THE GMB general workers union yesterday called on parliament to halt ‘tax privileges’ to venture capitalists and establish the amount of unfunded pension liabilities ‘dumped by private equity’.

The union’s general secretary, Paul Kenny, gave oral evidence to the House of Commons Treasury Committee on ‘the private equity industry’.

The union had already submitted written evidence based on the experiences of GMB members working for companies that have been taken over by private equity firms.

The GMB is challenging ‘the “carried interest’’ performance pay loophole that allows the private equity owners to pay only 10 per cent tax on this income.’

Demanding the closure of ‘the unfair and unjustifiable loophole’, the union said: ‘if this performance-related pay is treated as income rather than Capital Gains, the Exchequer will benefit to the tune of about £4 billion.’

Next, says the GMB, it wants MPs to tackle ‘the practice of turning equity into debt when buying companies’.

This costs the Exchequer ‘vast sums of money’.

‘For example, when Boots is taken private the roughly £140 million Corporation Tax it pays will no longer be paid as the interest on the £8 billion borrowing to buy the company, but will be offset against tax.

‘At the AA for example the boss has admitted that the AA has not paid tax since 2004 when it bought the company.

‘The AA, that does all its business on the Queen’s highway, is getting a free ride and the rest of us are paying for the upkeep of these roads.’

GMB asks MPs to change the rules so that borrowing for ‘leveraged buyouts’ no longer qualifies for interest tax relief.

Britain must follow Denmark, which has already shut this tax loophole, the union said.

‘Thirdly, GMB asks MPs to establish how much unfunded liabilities there were in 75 insolvent pension funds with links to private equity.

‘In supplementary evidence GMB has supplied MPs with details of a total of 96 insolvent pension funds in the rescue schemes set up by the government that have direct links to private equity owners.

‘Fifty-eight of these insolvent pension funds are in the Financial Assistance Scheme (FAS) and 38 of these are under consideration by the Pensions Protection Fund (PPF).

‘GMB has examined all the information on the public record regarding all the 96 insolvent pension funds.

‘GMB was able to establish that 21 of these insolvent pension funds have unfunded liabilities of £1,994,268,000.

‘Due to the secrecy in which private equity operates GMB has not been able to establish any figures for the amounts of the unfunded liabilities of each of the other 75 insolvent pension funds.

‘The MPs must use their powers to establish the facts.’

In its evidence, the GMB raised ‘the track record of industrial relations problems and disputes arising out of private equity take-overs and the management techniques they use to drive up profit at the expense of GMB members.’

The union cited the example of the AA.

It said: ‘Leicester born Damon Buffini is the boss of venture capitalists Permira who own the AA.

‘He is reputed to be worth £200 million.

‘Since he and CVC took over the AA they have sacked one in three workers (down from 10,000 to 6,600), specifically targeting the disabled.

‘Call centre staff are subject to total surveillance in the workplace.

‘They have 234 seconds to deal with each caller and to sell them upgrades.

‘They face discipline if they do not meet targets,’ the GMB alleged.

‘Their pay has been cut,’ the union continued.

‘The number of patrol staff to help stranded motorists has fallen from 3,400 to 2,100 and their working day has been increased from eight hours to 11.75 hours through compulsory overtime.

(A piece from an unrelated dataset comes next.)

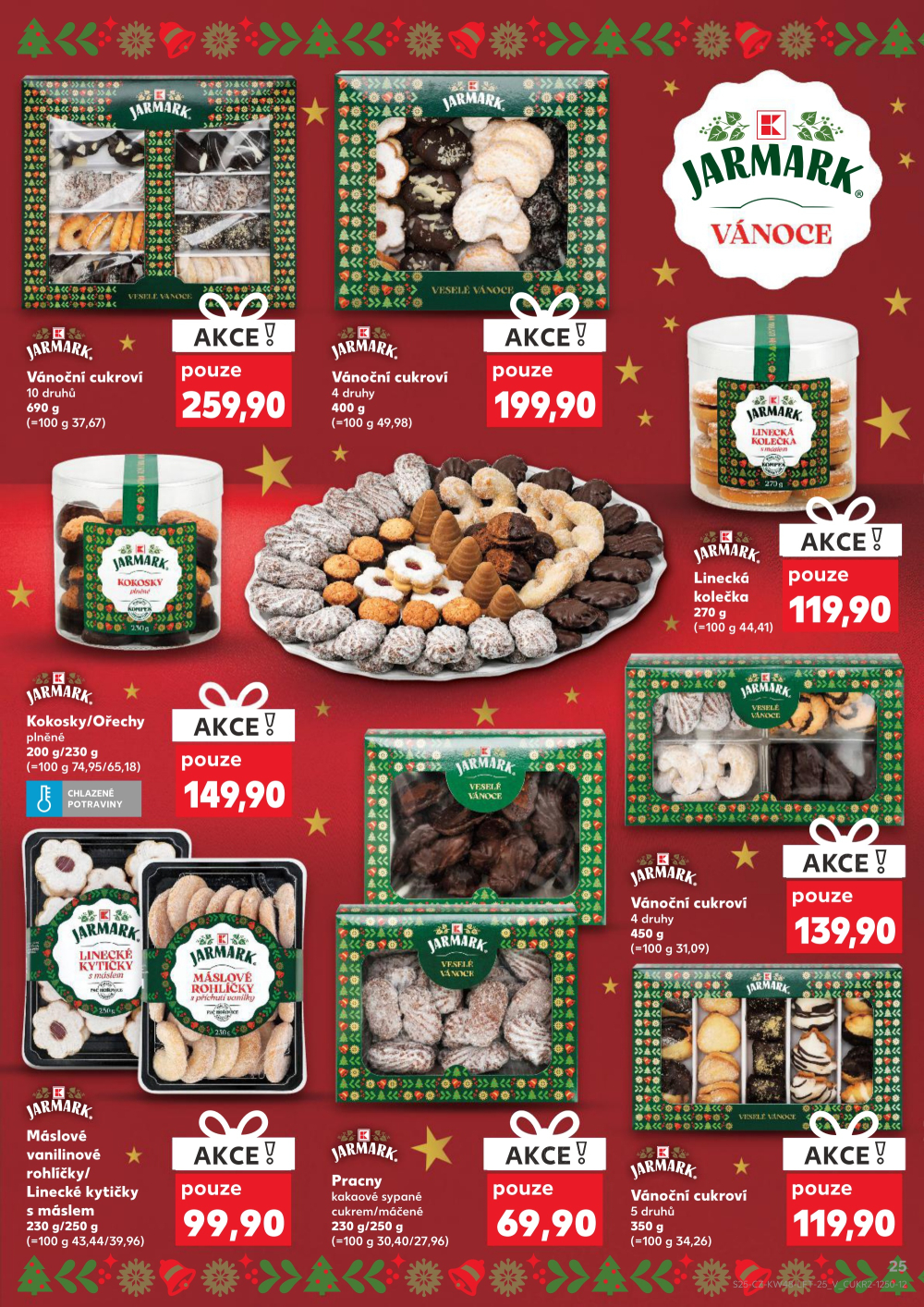 Leták Kaufland leták Praha 6 - Vypich - strana 25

Night patrols have been withdrawn.

‘Not surprisingly, the AA has fallen in the Which rankings from first to third in terms of response times for broken down motorists.

‘In a taped message to all AA patrol staff in winter 2006 the AA Chief Executive, Tim Parker, admitted that the venture capitalist owners had sacked too many staff and did not have enough left to deal with the workload.

‘AA membership costs are up by 30 per cent for some motorists.

‘Profits have doubled to £200 million.

‘Debts loaded onto the AA balance sheet have swelled to £1.9 billion since the venture capitalists borrowed another £500 million to pay themselves a “special dividend’’.’

The GMB also submitted evidence about the takeover of Bird’s Eye in Hull to back its case.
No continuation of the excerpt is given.